GETTING Gennady Golovkin vs. Vanes Martirosyan instead of Golovkin vs. Saul Alvarez has left me feeling cheated by Alvarez and his two positive tests. It reckoned to be one of the most intriguing rematches in boxing history. Now we have to hope that Martirosyan does not prove to be a banana skin for Golovkin – highly unlikely – and that Alvarez stays away from Mexican meat so we can get the fight in September. If it does come off in September then Alvarez will have been inactive for a year which can’t help his chances.
That leaves the other big question as to whether we will get to see Anthony Joshua vs. Deontay Wilder. At this moment this is not a fight between Joshua and Wilder but their respective promoters who are both desperate to stage the fight.

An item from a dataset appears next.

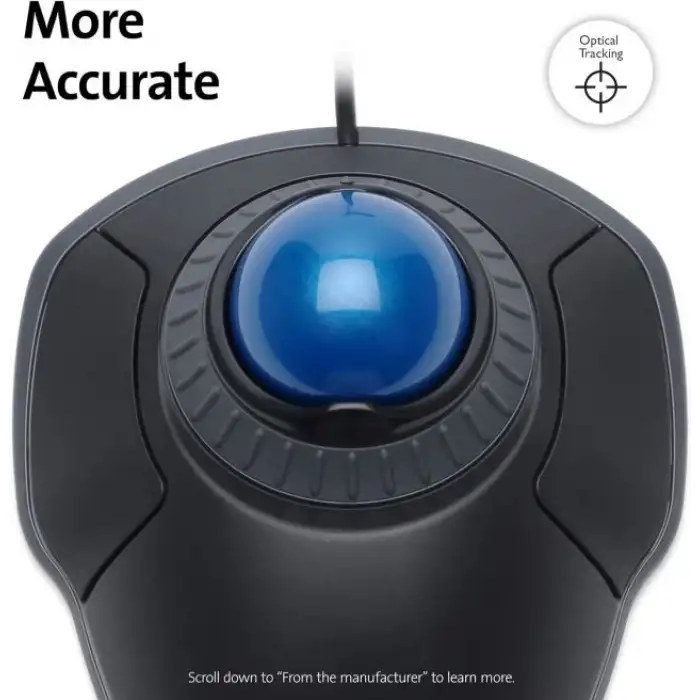 Kensington K72327U SlimBlade Kablolu İztopu Mouse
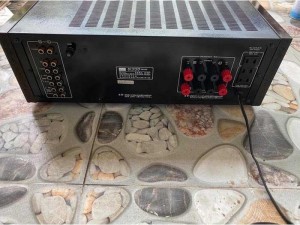 AMPLI SANSUI AU-D707 Xdecade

Eddie Hearn wants it in the UK and Shelly Finkel wants it in the USA. Hearn offered Wilder $12 million and Finkel responded with an offer of $50 million. Hearn has responded by asking to see the contract and Finkel has replied by saying that for some past fights Hearn has offered and had agreement on purses first and discussed the contract afterwards. This really is just a couple of businessmen playing games. A purse of $12,000,000 may not seem much when you compare it to $50 million but it is a very large amount when you consider that the most Wilder has been paid for a fight was the $2.1 Million for the Ortiz fight whereas Joshua earned around $27 million for the Parker fight. Even if Hearn said he would accept the $50 million offer I can guarantee you that the chance of a contract being agreed would be somewhere south of nil and the $50 million would prove to be smoke and mirrors. Joshua gives Hearn the strong hand in these “negotiations”. Wilder needs Joshua a lot more than Joshua needs Wilder. For a fight with WBA/WBO No 1 Alex Povetkin, although not as big a draw as Wlad Klitschko or Parker, Joshua would still take home about four or five times more than Wilder could earn against WBC No 1 Dillian Whyte or Luis Ortiz or Dominic Breazeale so if money talks Joshua shouts and Wilder whispers. Let’s hope some sense creeps in to these media games and we get the fight we want.
At least we will get Tony Bellew vs. David Haye tonight and let’s hope there are no injuries and no controversies and it ends up being a great heavyweight scrap that gives us some clarity on which direction these two fighters are heading as it will throw another hat in the UK ring alongside of Tyson Fury and Dillian Whyte.
So much shuffling has been going on lately that it makes me dizzy. Apart from Golovkin vs. Alvarez falling by the wayside and Vanes Martirosyan being parachuted in from nowhere we had Liam Smith having to pull out of the WBO title fight with Sadam Ali and Mexican Jaime Munguia coming in, Eider Alvarez reportedly switching his focus from Adonis Stevenson to Sergey Kovalev, Keith Thurman vacating the WBC welter title and Dillian Whyte being shifted into a siding to fight Luis Ortiz so that the Anthony Joshua vs. Deontay Wilder gravy train can steam on towards huge sanctioning fees.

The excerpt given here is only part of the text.